The British Army is offering to help create a museum in Basra, which would be set up by the Iraqi authorities in one of Saddam Hussein’s palaces. British military planners have codenamed the project Operation Bell, after Gertrude Bell, the archaeologist who helped establish the Baghdad Museum in 1926. Assistance is also being offered by the British Museum, but all parties stress that this is an Iraqi venture.
The Art Newspaper can report that the location would be the Lakeside Palace, built by Saddam Hussein in the early 1990s. Set beside an artificial lake and overlooking the Shatt al-Arab waterway, it lies in a secure area 2km south of the city centre. The opulent palace has a North African feel, with marble in the main rooms. A survey by Major Rupert Burridge of the Royal Engineers has confirmed that the palace could be converted into a museum relatively easily. It would provide four large exhibition galleries.
The museum project was initiated by Major-General Barney White-Spunner, who commanded the IIIrd Division.
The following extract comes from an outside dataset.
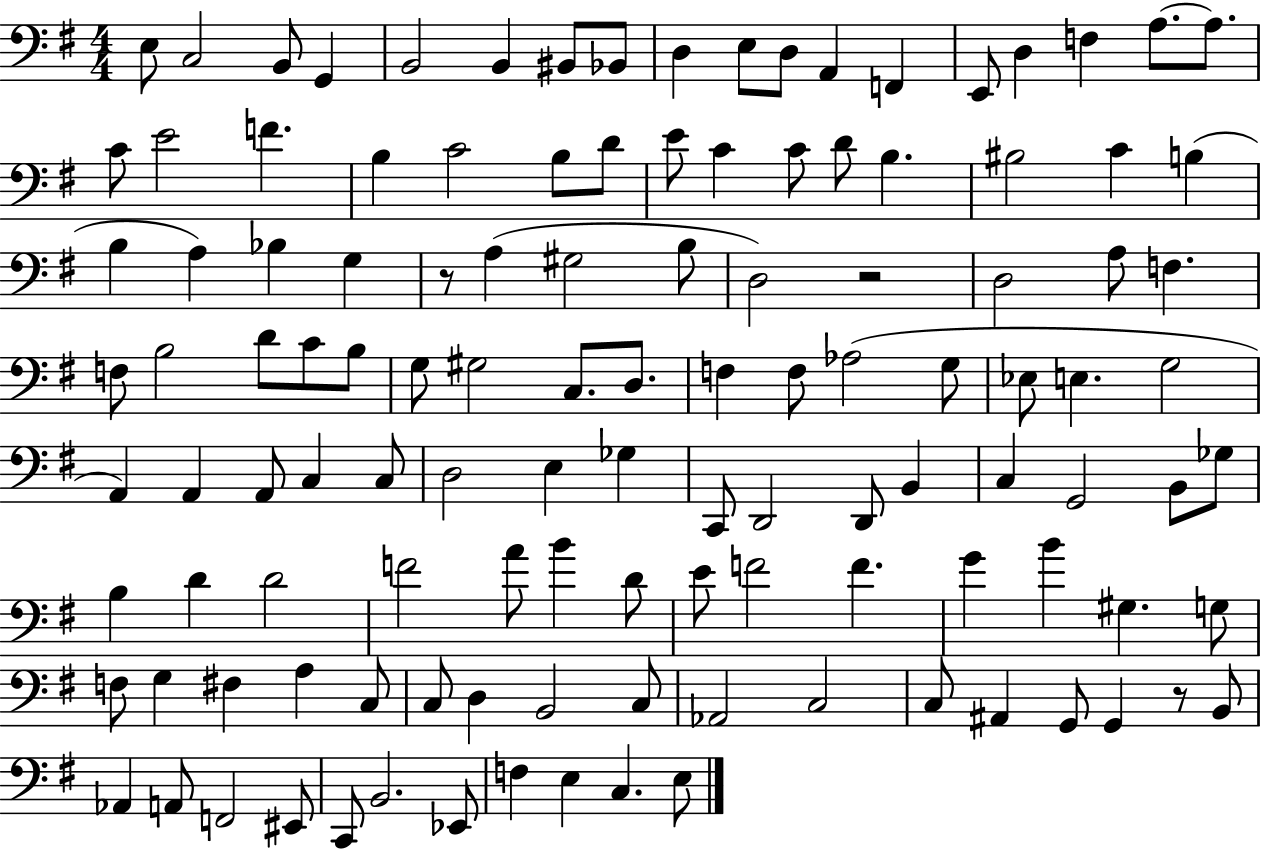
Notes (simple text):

E3/e C3/h B2/e G2/q B2/h B2/q BIS2/e Bb2/e D3/q E3/e D3/e A2/q F2/q E2/e D3/q F3/q A3/e. A3/e. C4/e E4/h F4/q. B3/q C4/h B3/e D4/e E4/e C4/q C4/e D4/e B3/q. BIS3/h C4/q B3/q B3/q A3/q Bb3/q G3/q R/e A3/q G#3/h B3/e D3/h R/h D3/h A3/e F3/q. F3/e B3/h D4/e C4/e B3/e G3/e G#3/h C3/e. D3/e. F3/q F3/e Ab3/h G3/e Eb3/e E3/q. G3/h A2/q A2/q A2/e C3/q C3/e D3/h E3/q Gb3/q C2/e D2/h D2/e B2/q C3/q G2/h B2/e Gb3/e B3/q D4/q D4/h F4/h A4/e B4/q D4/e E4/e F4/h F4/q. G4/q B4/q G#3/q. G3/e F3/e G3/q F#3/q A3/q C3/e C3/e D3/q B2/h C3/e Ab2/h C3/h C3/e A#2/q G2/e G2/q R/e B2/e Ab2/q A2/e F2/h EIS2/e C2/e B2/h. Eb2/e F3/q E3/q C3/q. E3/e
On the Iraqi side, it is supported by Dr Mufid al-Jazairi, chairman of the cultural committee of the Iraqi parliament. The project has already been approved by the Ministry of Antiquities and Tourism, and has now gone to prime minister Nouri al-Maliki for a final decision.
The Lakeside Palace would provide considerable space for antiquities. These would come from Baghdad’s National Museum, which has a huge collection in its stores (including some from Basra which survived the looting in 1991). The new museum would also show ethnography, manuscripts and more modern historical items. Its location in one of Saddam’s palaces would help tell the story of very recent events.
No one is willing to discuss the construction costs of the new museum, but they could be up to £10m. Once prime ministerial approval is granted, the Basra Museum could open in two years.